TokyoDev Scraper Features

Scrapes job listings, company profiles, or both via a single scrapeMode selector
Extracts Japanese language requirement per listing — true/false, not buried in description text
Captures remote policy per job: fully-remote, partially-remote, or no-remote
Returns apply-from-abroad eligibility where disclosed — useful for candidates outside Japan
Collects technology and skill tags per listing (Ruby, Python, React, etc.)
Filters by remote policy, seniority level, or Japanese language requirement before saving
Accepts specific TokyoDev URLs directly — skip sitemap discovery for targeted runs
Uses residential proxy to bypass Cloudflare protection on all non-sitemap pages

Who Uses TokyoDev Data?

Recruiters — Pull structured Japan tech listings with remote and language filters already applied, not raw HTML to parse
Job aggregators — Ingest English-language Japan tech jobs with consistent field structure across listings
Market researchers — Analyze salary trends, remote policy distribution, and Japanese language demand across the Japan tech sector
HR analytics teams — Build datasets tracking which companies are hiring, what seniority levels are in demand, and what tech stacks are common
Candidate matching platforms — Filter by japanese_required and apply_from_abroad to surface realistic options for international applicants

How TokyoDev Scraper Works

Fetches /sitemap.xml — accessible without Cloudflare challenge — and classifies URLs into job listings and company profile pages
Applies mode filter (jobs, companies, or both) and optional filters for remote policy, seniority, and Japanese language requirement
Loads each target page using a Playwright browser with residential proxy and anti-detection fingerprinting to bypass Cloudflare
Extracts data from both JSON-LD structured markup and rendered HTML, with HTML as fallback for fields not in the schema

Input

{
  "scrapeMode": "jobs",
  "remotePolicy": "fully-remote",
  "japaneseRequired": "no-japanese-required",
  "maxItems": 50,
  "proxyConfiguration": {
    "useApifyProxy": true,
    "apifyProxyGroups": ["RESIDENTIAL"]
  }
}

Field	Type	Default	Description
`scrapeMode`	string	`"both"`	What to scrape: `"jobs"`, `"companies"`, or `"both"`
`searchUrls`	array	—	Optional: specific TokyoDev URLs to scrape.
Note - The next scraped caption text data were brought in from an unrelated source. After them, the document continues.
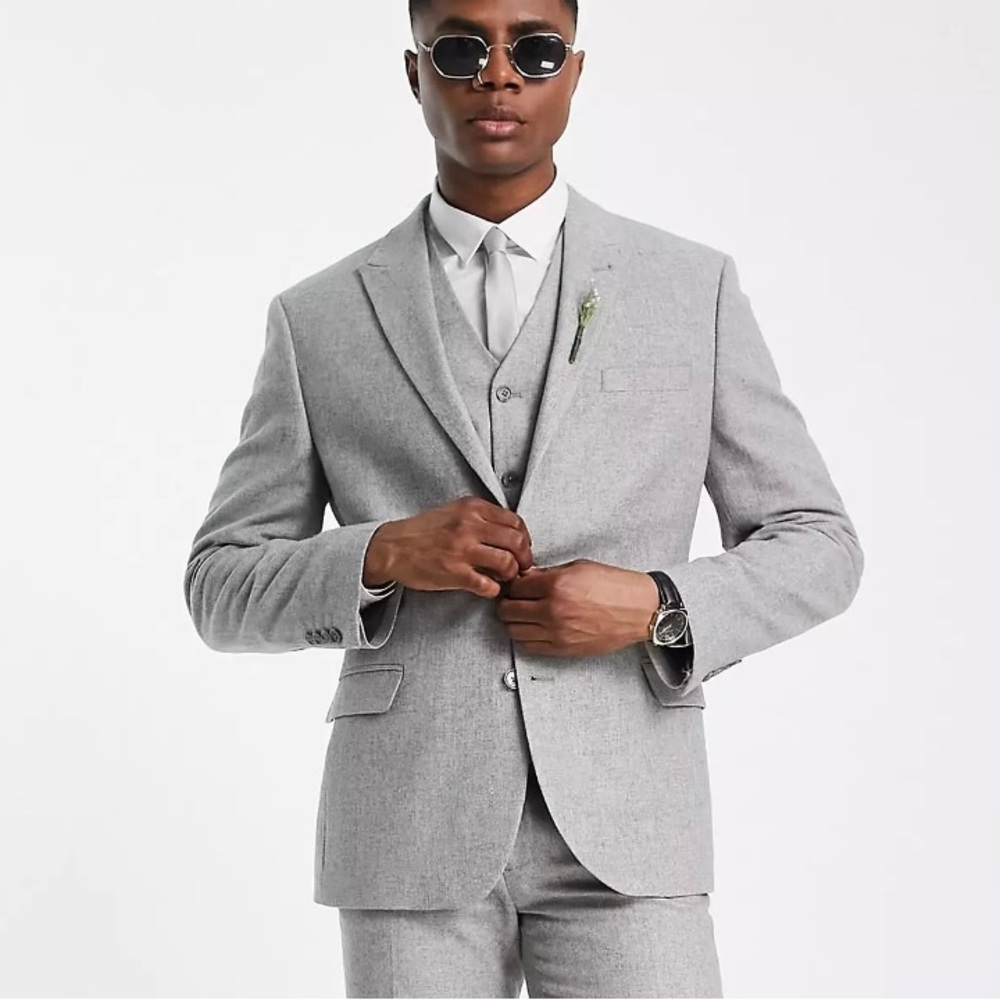 Grey suit jacket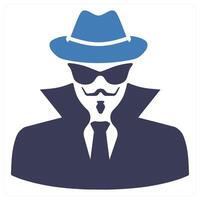Hacker concept in blue color vector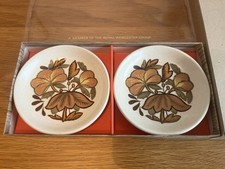 Royal Worcester Palissy Trinket Dishes -5 Inch
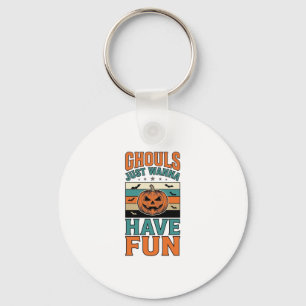 Llavero Camiseta de Halloween de fantasmas antiguos que so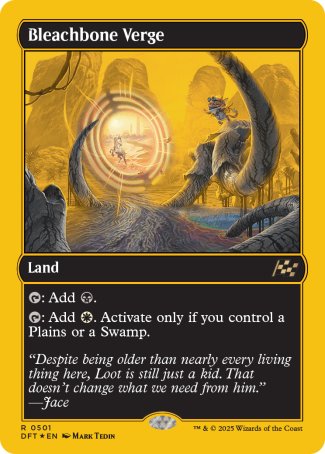 FIRST-PLACE FOIL Bleachbone Verge - #501 Rare Aetherdrift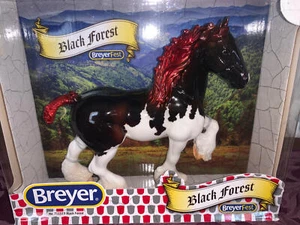 Breyer Model Horses Classic Size Glossy Black Forest Breyerfest 2022 - Picture 1 of 4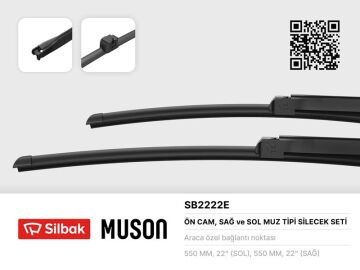 Silecek Süpürgesi 550/550Mm Muz Tipi A4 03-04 Cabrıloet 04-07 Mercedes C-Class 03-07 Mercedes Clk SILBAK SB2222E
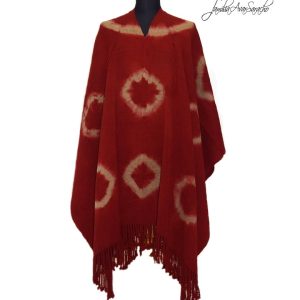 PONCHO DE ARGOLLAS G115 – UN PAÑO – TRAMA Y URDIMBRE FINA – SOLO POR PEDIDO
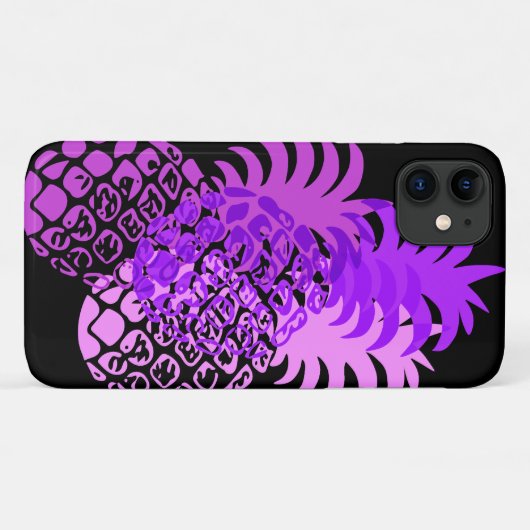 Momona Pineaple Hawaiian Tropical Lila Case-Mate iPhone Hülle (Rückseite (Horizontal))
Skips sitemap discovery.
`remotePolicy`	string	`""`	Filter by remote policy: `"fully-remote"`, `"partially-remote"`, `"no-remote"`, or empty for all
`seniority`	string	`""`	Filter by seniority: `"intern"`, `"junior"`, `"intermediate"`, `"senior"`, or empty for all
`japaneseRequired`	string	`""`	Filter by Japanese language: `"japanese-required"`, `"no-japanese-required"`, or empty for all
`maxItems`	integer	`50`	Maximum number of results to return
`proxyConfiguration`	object	RESIDENTIAL	Proxy settings — residential proxy required for Cloudflare bypass

TokyoDev Scraper Output Fields

Job Listings

{
  "job_title": "Senior Rails Engineer",
  "company_name": "TableCheck",
  "company_url": "https://www.tablecheck.com",
  "location": "Tokyo",
  "job_type": "full-time",
  "seniority": "senior",
  "remote_policy": "partially-remote",
  "japanese_required": false,
  "apply_from_abroad": true,
  "salary_range": "8000000-14000000 JPY",
  "description": "TableCheck is looking for a senior Rails engineer...",
  "requirements": ["5+ years Rails experience", "Experience with PostgreSQL"],
  "tags": ["Ruby", "Rails", "PostgreSQL", "React"],
  "apply_url": "https://www.tablecheck.com/jobs/apply/rails-engineer",
  "posted_date": "2025-03-20",
  "job_url": "https://www.tokyodev.com/companies/tablecheck/jobs/senior-rails-engineer"
}

Field	Type	Description
`job_title`	string	Job title
`company_name`	string	Hiring company name
`company_url`	string	Company website URL
`location`	string	Job location (e.g. Tokyo, Remote, Osaka)
`job_type`	string	Employment type: full-time, contract, intern
`seniority`	string	Seniority level: junior, intermediate, senior
`remote_policy`	string	Remote work policy: fully-remote, partially-remote, no-remote
`japanese_required`	boolean	Whether Japanese language proficiency is required
`apply_from_abroad`	boolean	Whether candidates can apply from outside Japan
`salary_range`	string	Salary range if disclosed
`description`	string	Full job description text
`requirements`	array	Job requirements and qualifications
`tags`	array	Technology and skill tags (e.g. Ruby, Python, React)
`apply_url`	string	Direct URL to apply for the position
`posted_date`	string	Date the job was posted
`job_url`	string	Full TokyoDev job listing URL

Company Profiles

When scrapeMode is "companies" or "both", company records are included in the same dataset. Company records populate company_name, company_url, description, location, tags, and job_url (set to the company profile URL). Job-specific fields are null.

{
  "company_name": "Mercari",
  "company_url": "https://www.mercari.com",
  "location": "Tokyo",
  "description": "Mercari is Japan's largest marketplace app...",
  "tags": ["Go", "Kotlin", "Swift", "React", "Kubernetes"],
  "job_url": "https://www.tokyodev.com/companies/mercari"
}

🔍 FAQ

How do I scrape TokyoDev.com?

TokyoDev Scraper handles sitemap discovery automatically. Set scrapeMode to "jobs", "companies", or "both", apply any filters you need, configure the residential proxy, and run it. For targeted runs, paste specific TokyoDev URLs into searchUrls to skip the sitemap phase entirely.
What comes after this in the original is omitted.